§ Task objective: Print every line from the start of the data, and when you reach the line with "Imposición de la", include it and stop. Pictures are not part of the copy.

START Dataset records

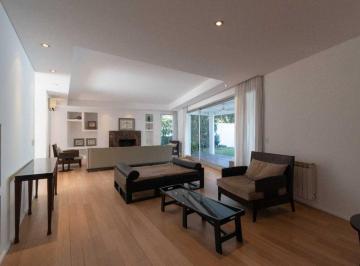 Casa · 725m² · 12 Ambientes · 5 Cocheras · Vende Casa Lomas de San Isidro 1928 m 5 Dorm Pileta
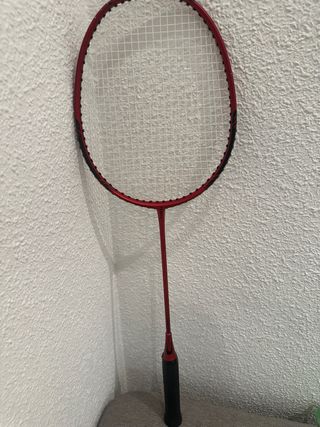 Raqueta de bádminton roja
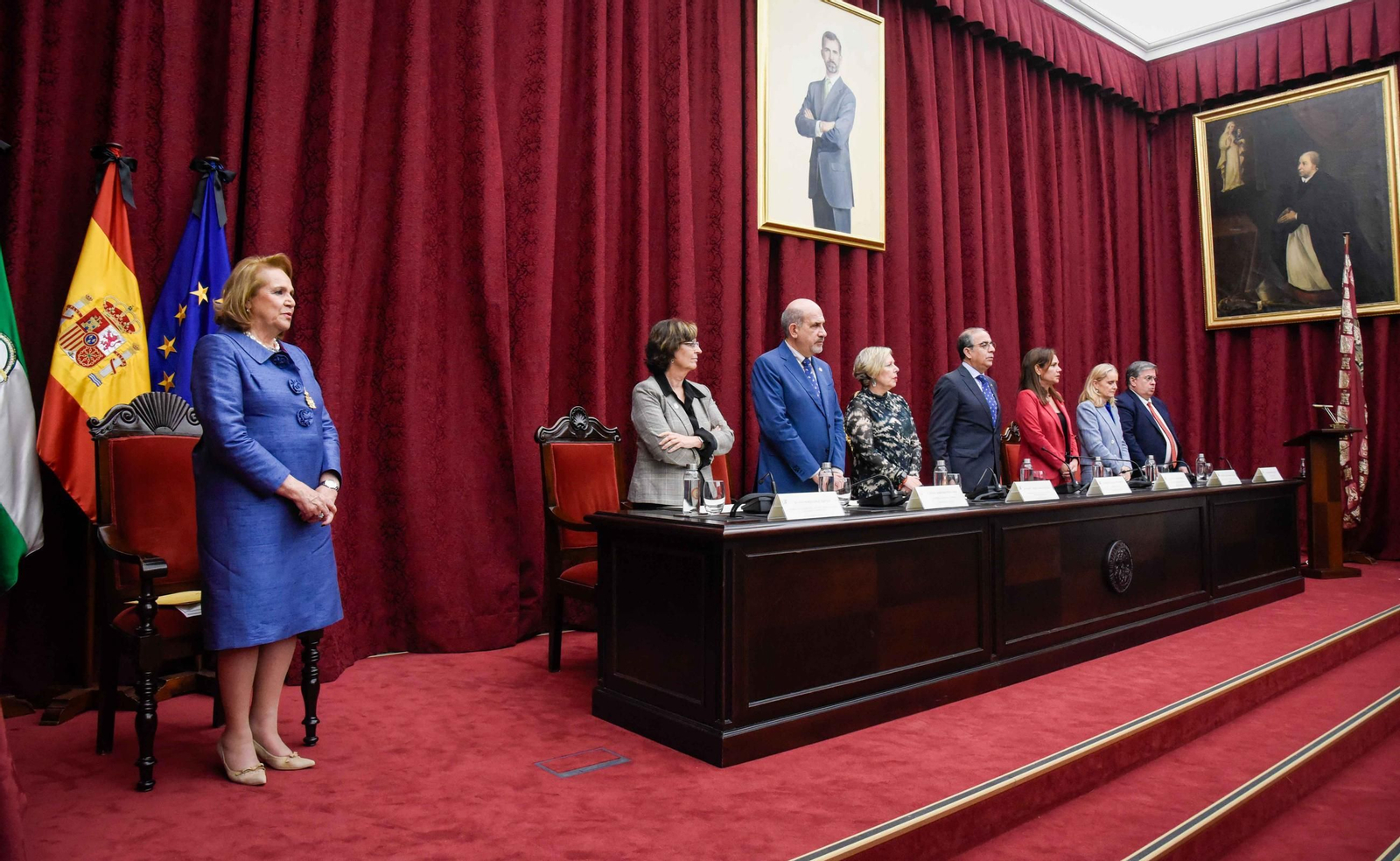 Imposición de la Medalla de la Universidad de Sevilla a Concha Yoldi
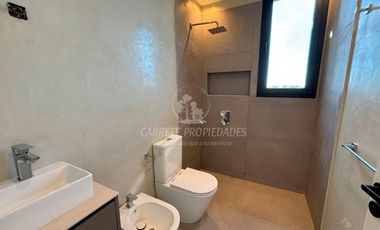 Espectacular Casa de Diseño en Área 5, Barrio San Sebastián. No te la Pierdas!!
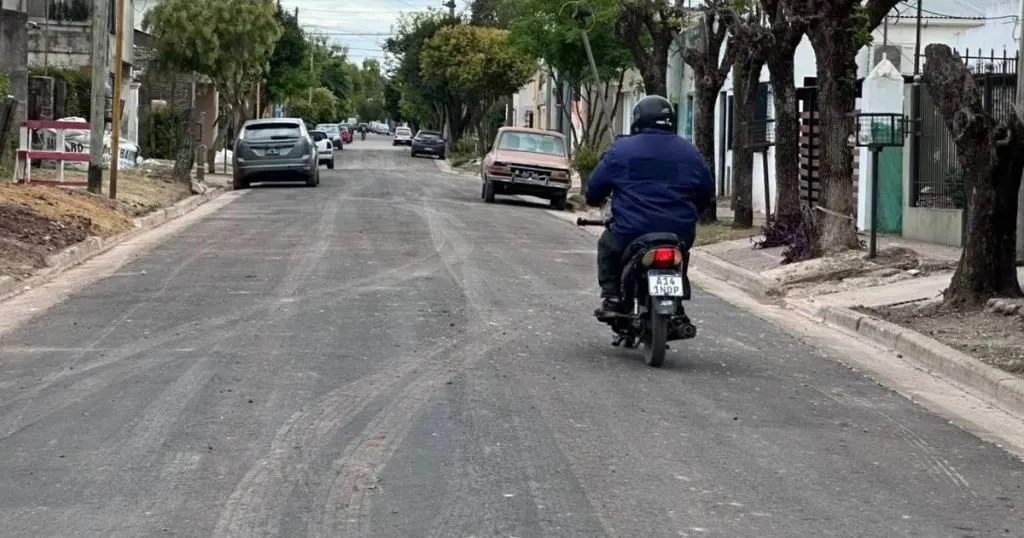 Culminó el asfaltado de la calle López y Planes, entre Gervasio Méndez y Martínez Paiva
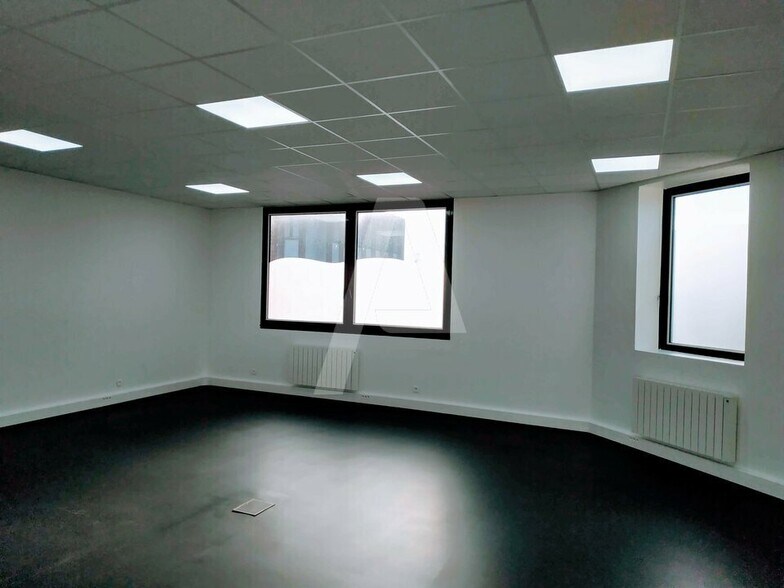 8 Rue Maryse Bastié, Igny to rent - Interior Photo - Image 3 of 5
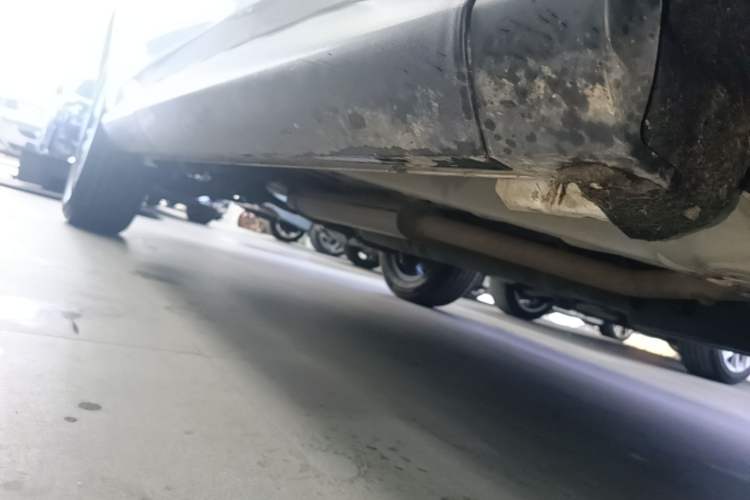 Used BYD Song Pro 2019 1.5T Automatic Elite Edition Right Side Sill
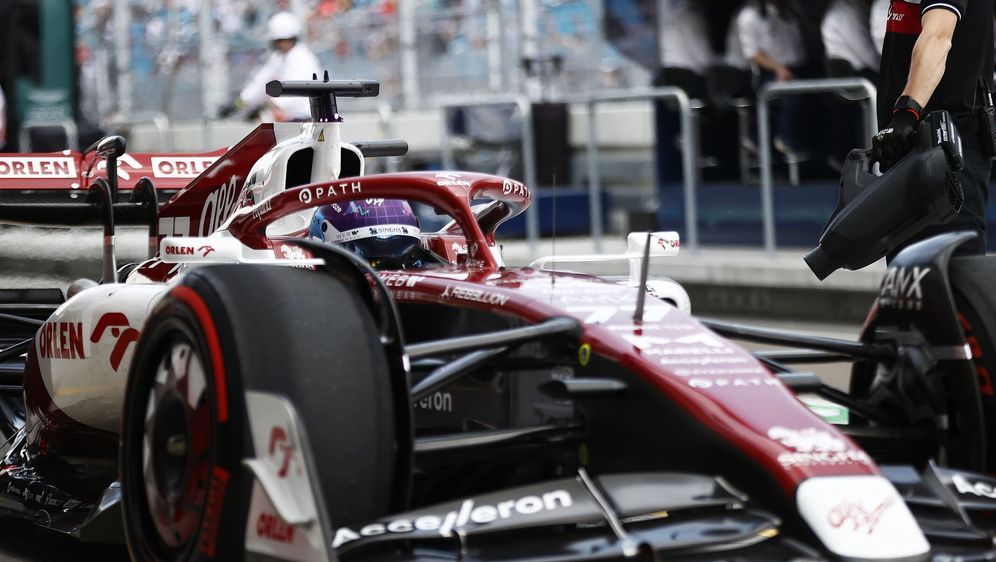 Valtteri Bottas erlebt im Sauber-Team gerade seinen zweiten Frühling - Bildquelle: Motorsport Images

END Dataset records

§ Written response:
 Casa · 725m² · 12 Ambientes · 5 Cocheras · Vende Casa Lomas de San Isidro 1928 m 5 Dorm Pileta
 Raqueta de bádminton roja
 Imposición de la Medalla de la Universidad de Sevilla a Concha Yoldi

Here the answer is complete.